Hi Bill,
On 03/06/2014 03:00 PM, Bill Deegan wrote:
> The issue was that when the package (scons-2.3.0 or any version on
> pypi) was installed, pip seems to be calling setup.py with
> the --single-version-externally-managed flag which doesn't exist in
> distutils and failing.
> (you can try via "pip install scons")
>
> The suggested fix I found on stackoverflow (I think) was to detect that
> it was being run by pip and then to import setuputils instead.
In general, this is not necessary.
> Is it expected that pip would be calling setup.py with the
> --single-version-externally-managed flag?
Yes.
> Or I guess the real question, is what's the "correct" way to resolve
> this issue.
I haven't tested this, but I would guess that if you use "cmdclass" to
override the "install" command class (as scons' setup.py does), you need
to make your version of "install" a subclass of setuptools' version, not
distutils', otherwise it won't work with pip. I suppose if you really
want to, you could do this conditionally only if you find
"--single-version-externally-managed" in sys.argv, but if possible I'd
say you should either a) eliminate your custom install cmdclass, or b)
just always build on setuptools rather than distutils.

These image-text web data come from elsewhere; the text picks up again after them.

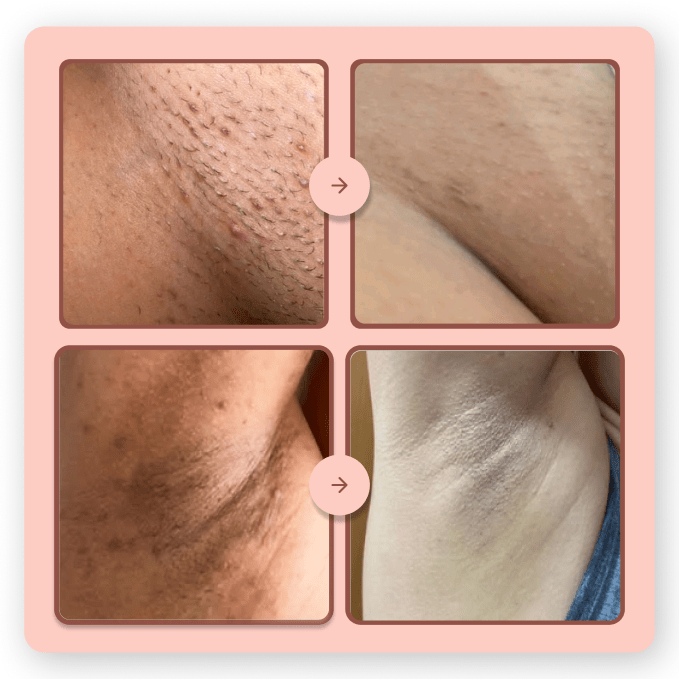 Depilador Anti Foliculite Nanda Intimus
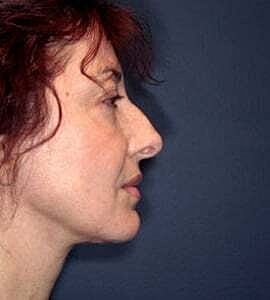 Neck Lift Before & After
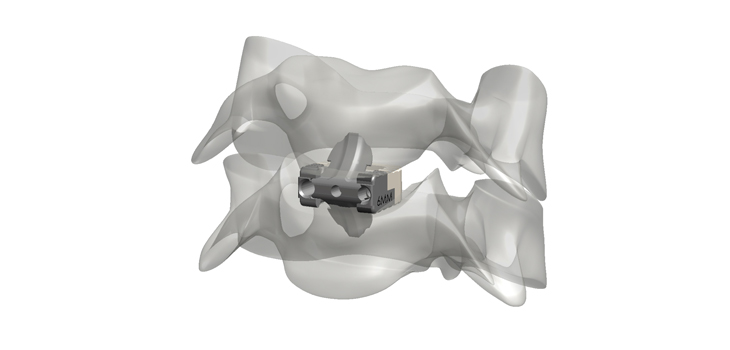 Pantheon Spinal Makes Another Acquisition With Incite Innovation
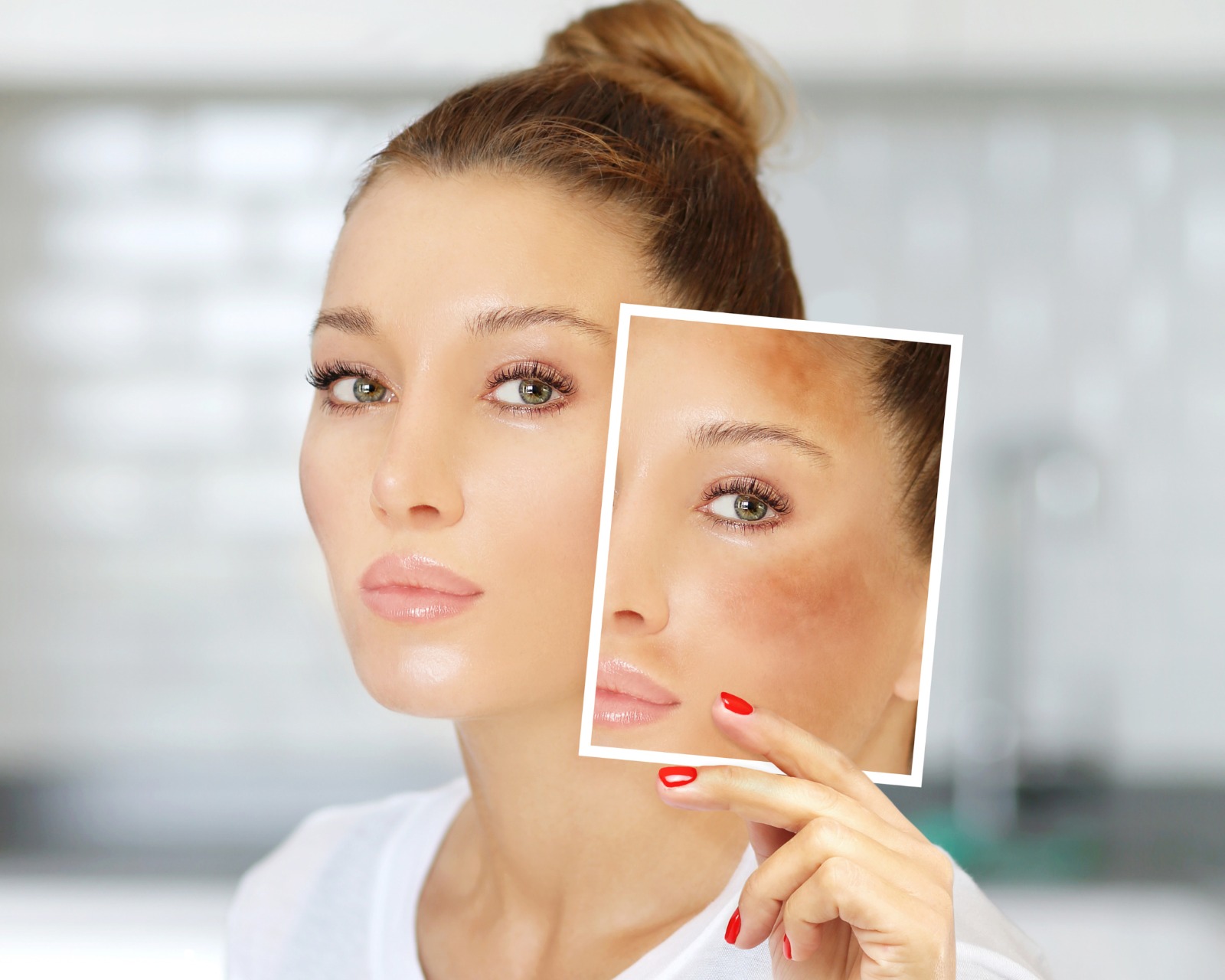 Melasma - 20/08 - Quinta - Feira
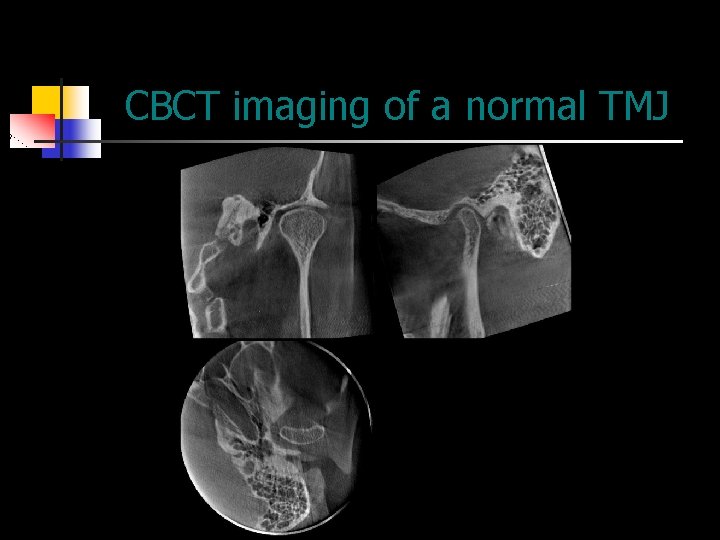 CBCT imaging of a normal TMJ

When it is imported, setuptools monkeypatches distutils to replace some
of distutils' default command classes with its own. Pip executes
setup.py in a special way that forces an import of setuptools (and thus
executes setuptools' monkeypatch), even for projects whose setup.py uses
only distutils. This allows pip to treat all setup.py's the same, and
assume they all support setuptools features. But by supplying your own
custom cmdclass for install that inherits from distutils, you prevent
this monkeypatch from taking effect.